The records
——————————

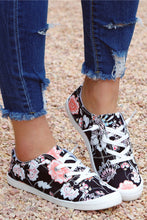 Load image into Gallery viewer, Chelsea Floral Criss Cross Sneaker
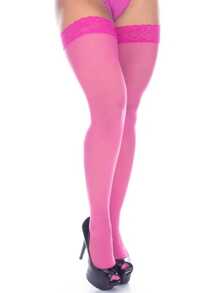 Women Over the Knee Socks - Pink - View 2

——————————

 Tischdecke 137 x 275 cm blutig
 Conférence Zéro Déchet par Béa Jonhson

——————————

Activity
Working from the material above, restate word for word the lines between the line with "Tischdecke 137 x 275 cm blutig" and the line with "Conférence Zéro Déchet par Béa Jonhson", both included, and only those.

Answer box
 Tischdecke 137 x 275 cm blutig
 Conférence Zéro Déchet par Béa Jonhson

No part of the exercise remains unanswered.